* Task: In the material below, find the line that contains "Women Simple Ice" and the line that contains "Fransuz tilida gapning", then write out exactly those two lines and everything between them.

[Available records — start]

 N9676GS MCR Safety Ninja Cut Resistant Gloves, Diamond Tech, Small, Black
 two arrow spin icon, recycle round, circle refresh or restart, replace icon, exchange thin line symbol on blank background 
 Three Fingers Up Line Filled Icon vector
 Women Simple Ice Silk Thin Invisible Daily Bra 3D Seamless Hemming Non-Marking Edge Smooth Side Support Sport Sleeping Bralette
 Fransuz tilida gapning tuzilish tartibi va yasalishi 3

[Available records — finish]
[Available records — start]

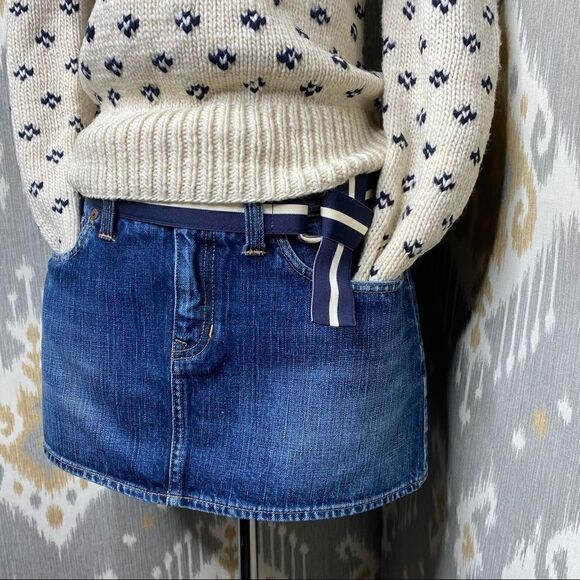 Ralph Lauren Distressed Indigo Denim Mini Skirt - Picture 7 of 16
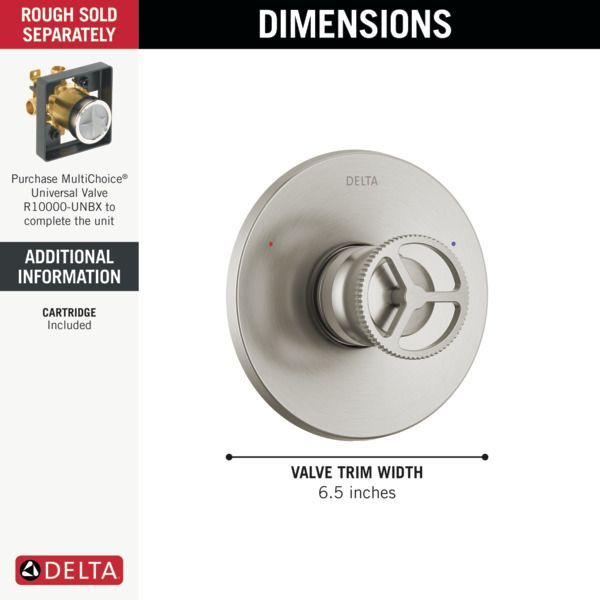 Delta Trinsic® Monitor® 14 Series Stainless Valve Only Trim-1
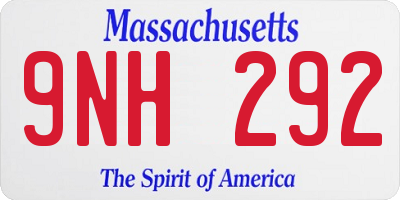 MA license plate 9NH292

[Available records — finish]
[Available records — start]

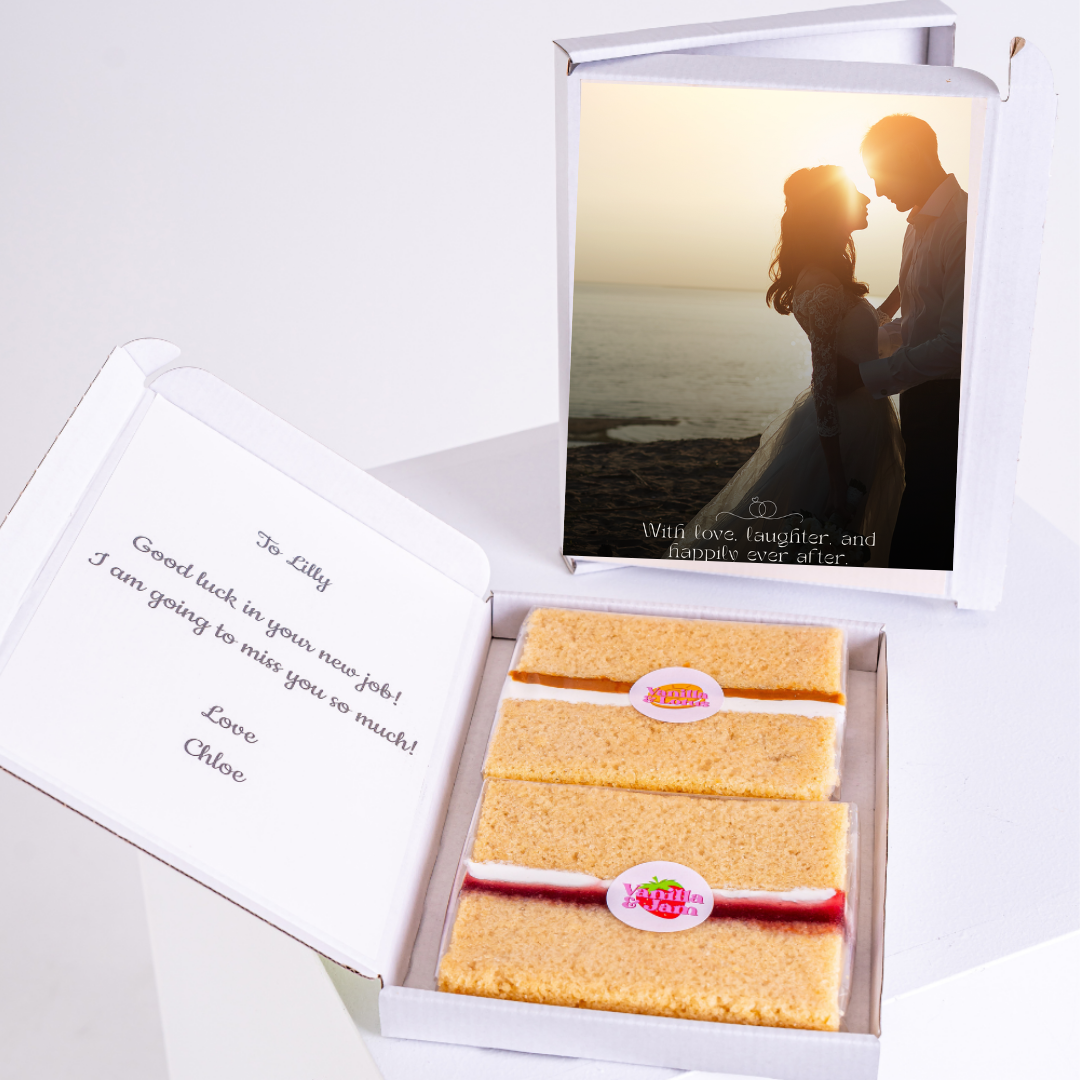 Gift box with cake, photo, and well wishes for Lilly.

[Available records — finish]

* Task solution:
 Women Simple Ice Silk Thin Invisible Daily Bra 3D Seamless Hemming Non-Marking Edge Smooth Side Support Sport Sleeping Bralette
 Fransuz tilida gapning tuzilish tartibi va yasalishi 3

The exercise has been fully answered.